- _Supplied material_:
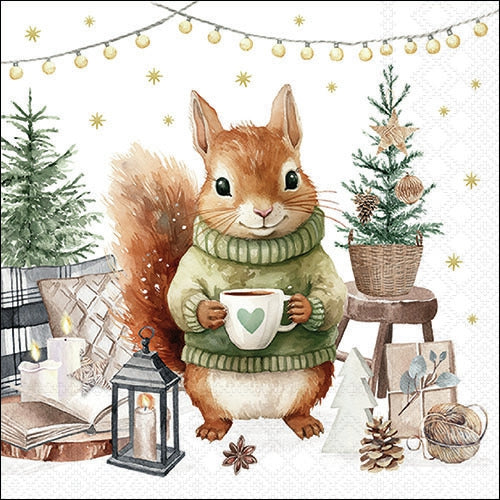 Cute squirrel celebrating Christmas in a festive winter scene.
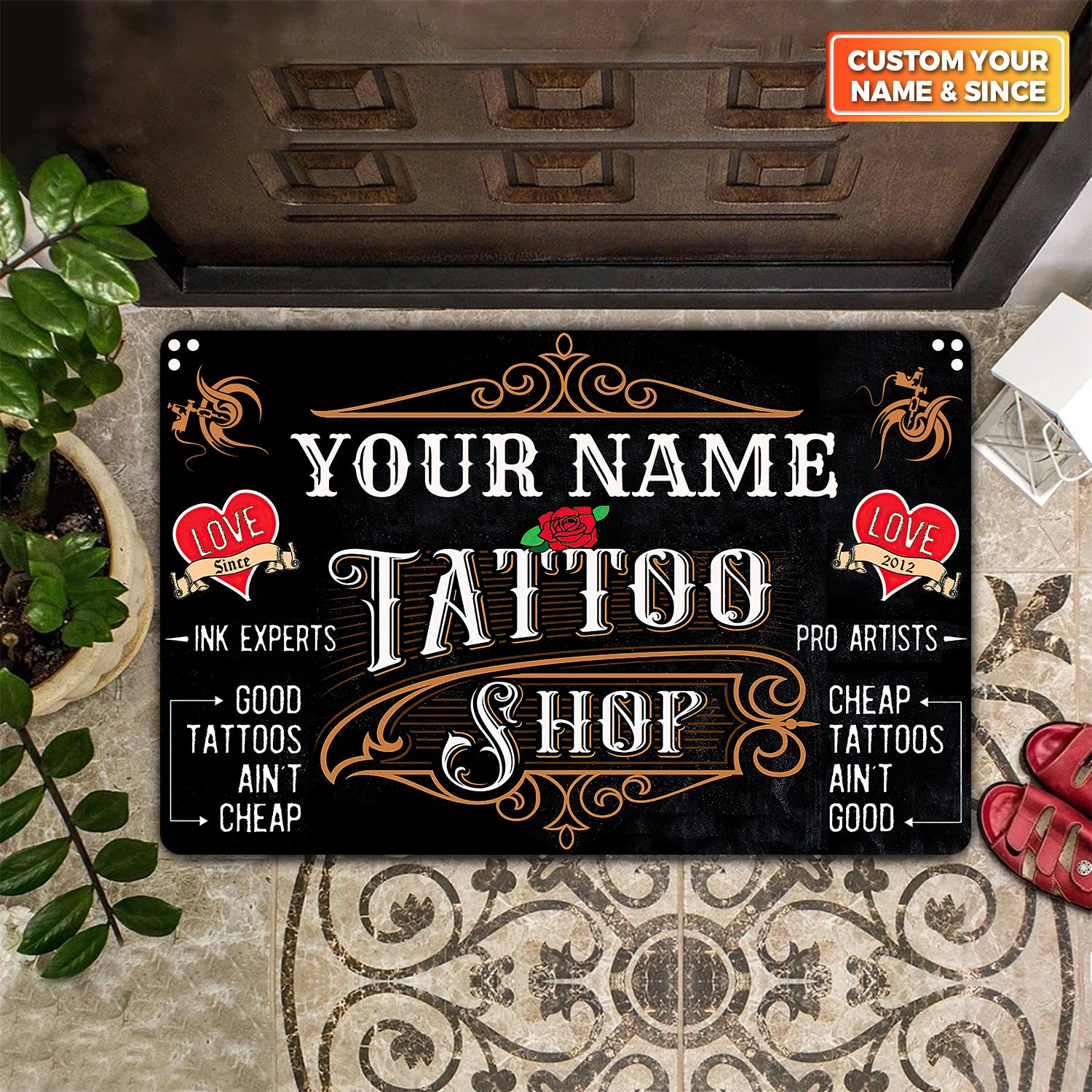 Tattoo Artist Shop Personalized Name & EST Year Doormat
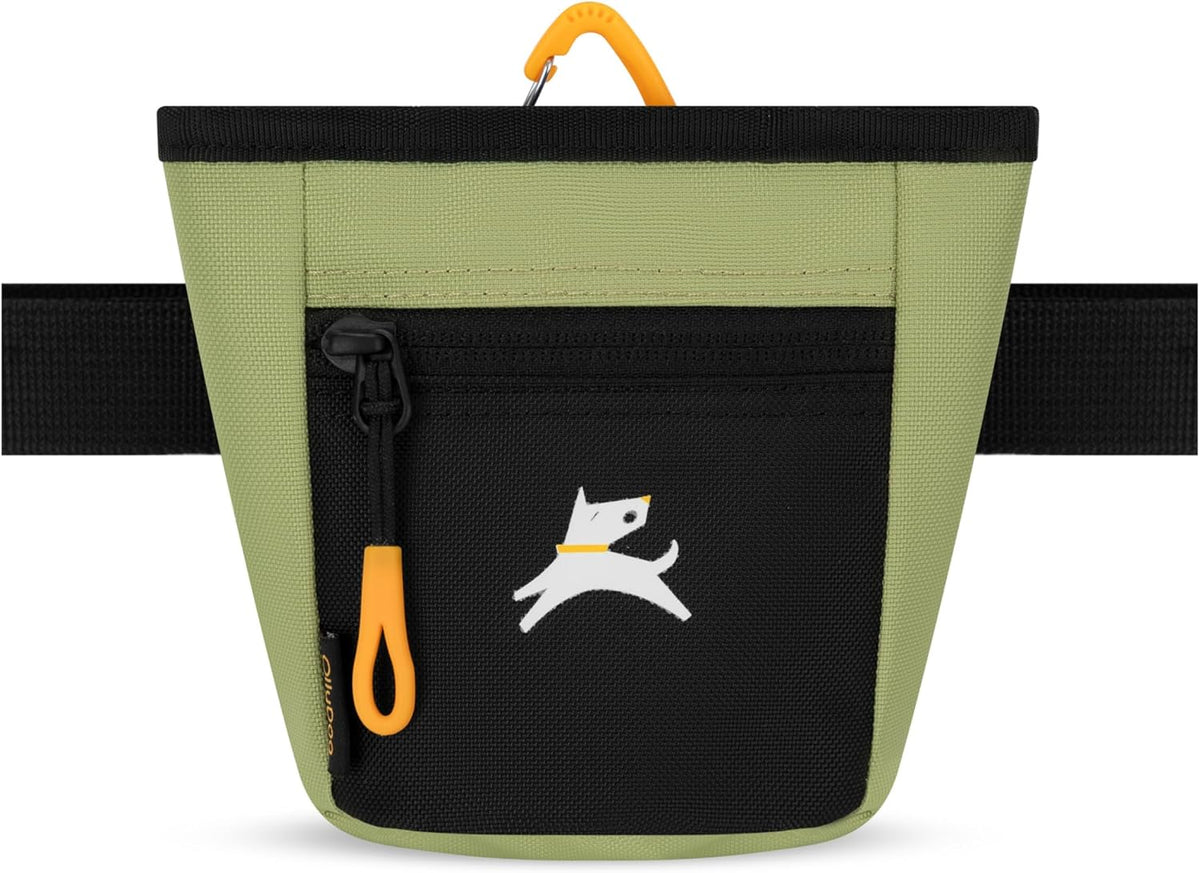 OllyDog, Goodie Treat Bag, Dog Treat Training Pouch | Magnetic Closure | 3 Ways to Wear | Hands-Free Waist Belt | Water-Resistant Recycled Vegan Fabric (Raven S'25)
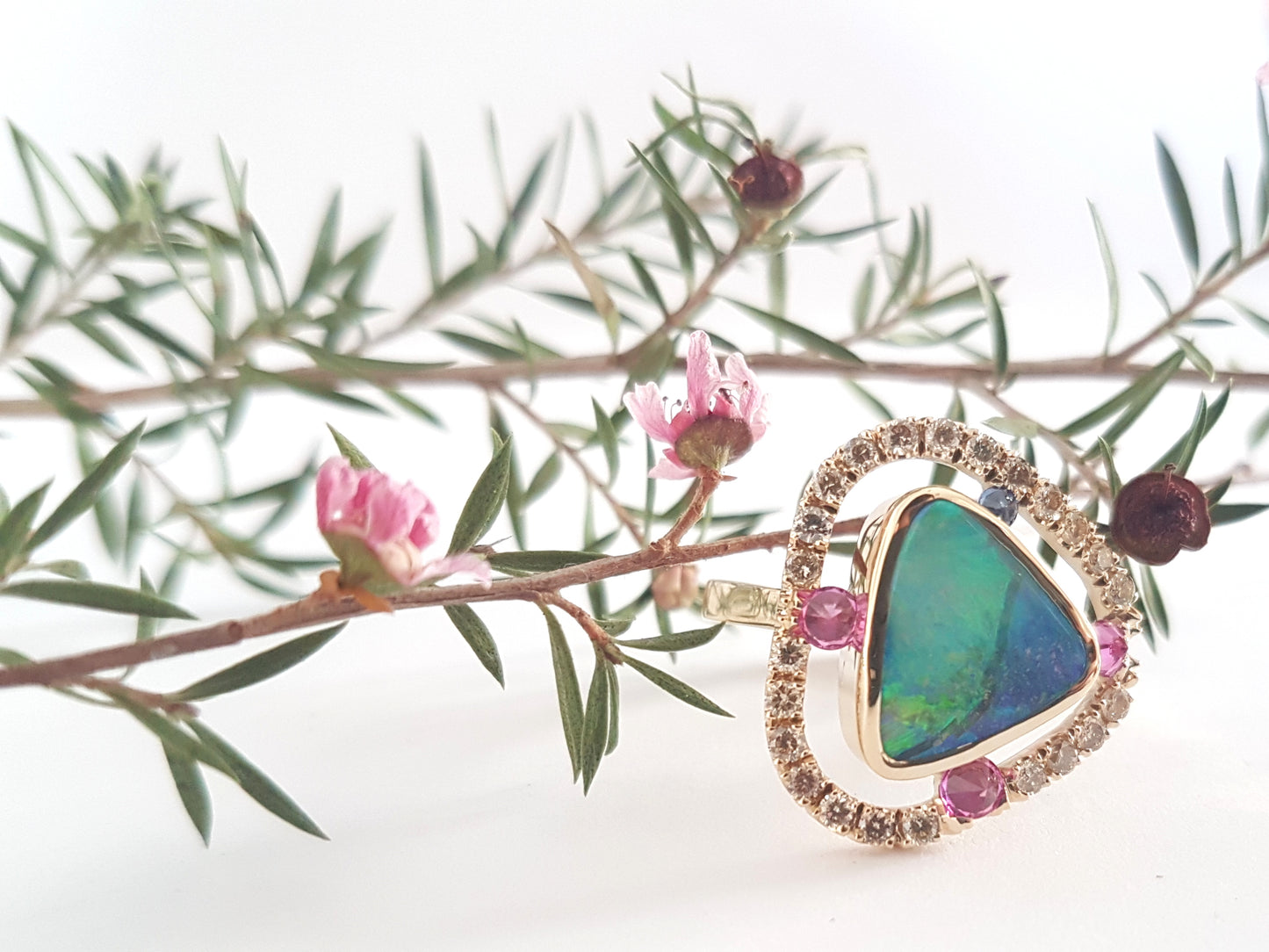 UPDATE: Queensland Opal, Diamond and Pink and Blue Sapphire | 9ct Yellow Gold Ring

--

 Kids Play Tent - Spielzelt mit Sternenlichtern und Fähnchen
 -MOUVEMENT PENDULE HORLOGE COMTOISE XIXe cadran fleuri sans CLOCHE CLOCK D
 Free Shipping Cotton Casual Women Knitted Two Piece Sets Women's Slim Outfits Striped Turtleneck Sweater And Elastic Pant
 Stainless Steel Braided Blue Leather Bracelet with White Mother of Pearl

- _Task goal_: I would like the exact lines from the data above, starting with the one that holds "Cute squirrel celebrating" and going on through the one that holds "UPDATE: Queensland Opal, Diamond", without the pictures.

- _Written response_:
 Cute squirrel celebrating Christmas in a festive winter scene.
 Tattoo Artist Shop Personalized Name & EST Year Doormat
 OllyDog, Goodie Treat Bag, Dog Treat Training Pouch | Magnetic Closure | 3 Ways to Wear | Hands-Free Waist Belt | Water-Resistant Recycled Vegan Fabric (Raven S'25)
 UPDATE: Queensland Opal, Diamond and Pink and Blue Sapphire | 9ct Yellow Gold Ring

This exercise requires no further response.